WHAT THIS TASK INVOLVES =>
Begin at the line containing "Es Burebüebli mah-n-i" in the records below, end at the line containing "Holiday Emergency Locksmith Eastvale - CA", and retype each line in that span exactly. No other line and no image should appear.

ENTRIES SUPPLIED =>
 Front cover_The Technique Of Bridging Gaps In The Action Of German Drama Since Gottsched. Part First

---

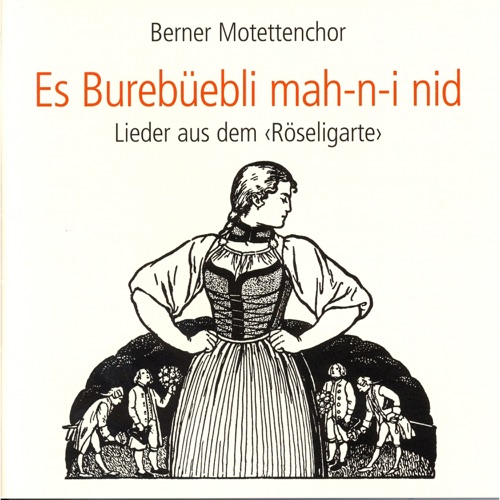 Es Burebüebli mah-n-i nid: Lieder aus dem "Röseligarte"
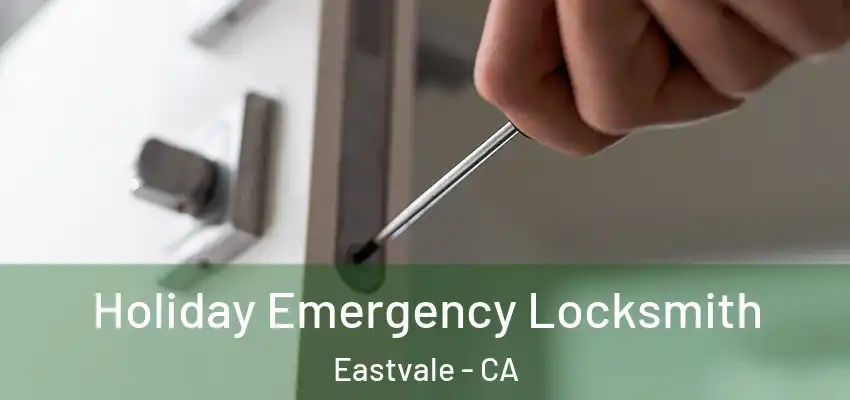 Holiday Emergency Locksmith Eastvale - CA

THE ANSWER =>
 Es Burebüebli mah-n-i nid: Lieder aus dem "Röseligarte"
 Holiday Emergency Locksmith Eastvale - CA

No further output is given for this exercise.